Saturday, November 13, 2004

 
Still living and breathing.

Started a temp job--mind-numbing data entry--on Tuesday, which necessitates that I avoid computers after work hours or go insane. Hence the lack of bloggage.

Weekend's here and once I get an application or two off (more on that later), we'll see if I can sit still long enough to catch up.

Hope you are all well!

Saturday, November 06, 2004

 
Seen, heard, noted

In San Francisco
A man blowing a big bubble with gum the same pink as his shirt. A man with an "I voted" sticker on his nose. Lots of dogs being walked. An excited young man stopped in front of the restaurant window where we were eating and held up a sign that said "Justice for Same Sex Couples" before jumping and running off down the street. 5 guys with dreadlocks (almost as if I were back in Central Market!). 2 transsexuals on the train (almost as if I were back in Central Market!).

In the airport
I tried to identify The Enemy in the Denver airport. Afterall, I am curious to know who all those people who voted for Bush are...

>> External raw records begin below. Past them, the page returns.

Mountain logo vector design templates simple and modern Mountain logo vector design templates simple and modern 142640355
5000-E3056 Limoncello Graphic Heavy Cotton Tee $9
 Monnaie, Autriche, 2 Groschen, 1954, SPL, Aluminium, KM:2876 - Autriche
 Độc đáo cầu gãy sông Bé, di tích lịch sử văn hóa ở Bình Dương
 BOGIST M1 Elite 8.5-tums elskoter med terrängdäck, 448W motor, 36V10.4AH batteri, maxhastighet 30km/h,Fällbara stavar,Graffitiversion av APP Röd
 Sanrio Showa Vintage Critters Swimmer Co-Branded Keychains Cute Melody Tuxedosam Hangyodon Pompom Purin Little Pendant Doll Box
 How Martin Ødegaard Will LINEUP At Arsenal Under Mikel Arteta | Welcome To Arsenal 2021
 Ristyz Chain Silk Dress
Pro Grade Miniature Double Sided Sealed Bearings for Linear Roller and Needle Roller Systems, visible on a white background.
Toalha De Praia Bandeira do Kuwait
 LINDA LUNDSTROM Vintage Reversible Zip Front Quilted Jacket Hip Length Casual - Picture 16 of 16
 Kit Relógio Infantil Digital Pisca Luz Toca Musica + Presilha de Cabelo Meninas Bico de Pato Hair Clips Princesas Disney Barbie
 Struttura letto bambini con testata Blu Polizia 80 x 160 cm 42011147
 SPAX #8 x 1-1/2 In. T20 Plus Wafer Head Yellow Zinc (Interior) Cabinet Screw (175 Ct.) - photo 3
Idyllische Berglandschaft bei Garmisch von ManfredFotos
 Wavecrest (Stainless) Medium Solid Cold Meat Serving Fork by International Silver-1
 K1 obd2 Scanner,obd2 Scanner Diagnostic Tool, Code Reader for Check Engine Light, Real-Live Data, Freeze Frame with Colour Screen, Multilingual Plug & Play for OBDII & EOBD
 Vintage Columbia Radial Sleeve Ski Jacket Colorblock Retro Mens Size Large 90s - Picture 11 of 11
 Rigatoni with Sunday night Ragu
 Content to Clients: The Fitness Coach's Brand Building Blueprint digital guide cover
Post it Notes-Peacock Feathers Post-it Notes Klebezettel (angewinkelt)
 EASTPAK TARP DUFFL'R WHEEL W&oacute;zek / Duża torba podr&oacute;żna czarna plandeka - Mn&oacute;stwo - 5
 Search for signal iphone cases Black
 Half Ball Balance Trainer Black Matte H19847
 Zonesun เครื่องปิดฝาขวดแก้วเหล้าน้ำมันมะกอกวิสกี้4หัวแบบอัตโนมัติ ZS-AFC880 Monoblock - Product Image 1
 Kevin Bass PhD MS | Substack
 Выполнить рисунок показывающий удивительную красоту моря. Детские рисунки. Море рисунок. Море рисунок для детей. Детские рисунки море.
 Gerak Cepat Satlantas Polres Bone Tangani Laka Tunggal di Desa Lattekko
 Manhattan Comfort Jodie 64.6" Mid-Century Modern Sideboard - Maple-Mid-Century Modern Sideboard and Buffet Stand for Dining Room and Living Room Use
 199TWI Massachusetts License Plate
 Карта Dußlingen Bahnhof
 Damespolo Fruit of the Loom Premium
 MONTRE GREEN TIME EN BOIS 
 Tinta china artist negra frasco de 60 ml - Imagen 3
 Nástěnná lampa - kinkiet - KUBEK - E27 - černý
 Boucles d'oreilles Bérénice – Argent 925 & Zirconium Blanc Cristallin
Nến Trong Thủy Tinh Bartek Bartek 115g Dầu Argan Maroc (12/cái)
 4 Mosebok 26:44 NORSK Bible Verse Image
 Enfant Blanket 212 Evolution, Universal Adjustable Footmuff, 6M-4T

That guy in a cowboy hat, likely. Then I saw his carry-on: a manly version of a hatbox, with a cross and his name painted on the side. For sure. That woman with the big bangs, who reminded me of my third grade teacher (but at least that was the 80s). That other woman with the big hair, flipping through a magazine with lots of pictures. That guy with a cowboy hat. And that one.

What is with this country? So many cowboy hats and so much big hair?!

My team? The young black man. The student listening to his headphones and reading Adbusters.

....

And then it became difficult to distinguish. That's the scary part: they blend in, for the most part.

On the airplane
The man had a bible in his briefcase. Definitely One of Them. His wife, sitting next to me, then confirmed the matter. 8 kids. Found son's truck by his Bush-Cheney sticker (in liberal Iowa City, it would definitely have been in the minority).

After she learned that I had been researching Islamic economics in Malaysia on a Fulbright, she asked me: "So do you have respect for that religion?"

I said, yes, I do. I have a lot of friends who are Muslim.

She then promptly told me that she thinks there are extremists in every religion.

It's a positive that she recognizes and admits that.

On another flight
The red-haired, big-busomed middle-aged stewardess asked me what I was reading: The Problem from Hell, America and the Age of Genocide. Then she told me she liked reading and had recently bought two books on the Middle East. Saudi Arabia and Persia--that's Iran, she said. About how the women are treated.

Oh brother, I hope it isn't one of those "all Muslim women are oppressed" books...But at least she's reading. It's just a matter of with what she is educating herself.

On the blog
I had referred you all to a blog I liked (www.kathrynjane.blogspot.com) and found witty. She's apparently one of them! Even went canvassing in PA! That was a surprise. And I so thought I would have liked her. CHECK THE COMMENT. LOOKS LIKE I MISREAD HER POST AND SHE WAS KIND ENOUGH TO SET ME STRAIGHT. YOU DON'T HAVE TO BOYCOTT HER BLOG!

On us versus them
My sister told me to be more tolerant and not hate everyone who is Republican or religious. I don't...not really....

Though it's tempting...

Friday, November 05, 2004

 
Variations on the Theme

Two Nations Under God
By THOMAS L. FRIEDMAN

Excerpts from the Nov. 4th New York Times

Why did I wake up feeling deeply troubled yesterday?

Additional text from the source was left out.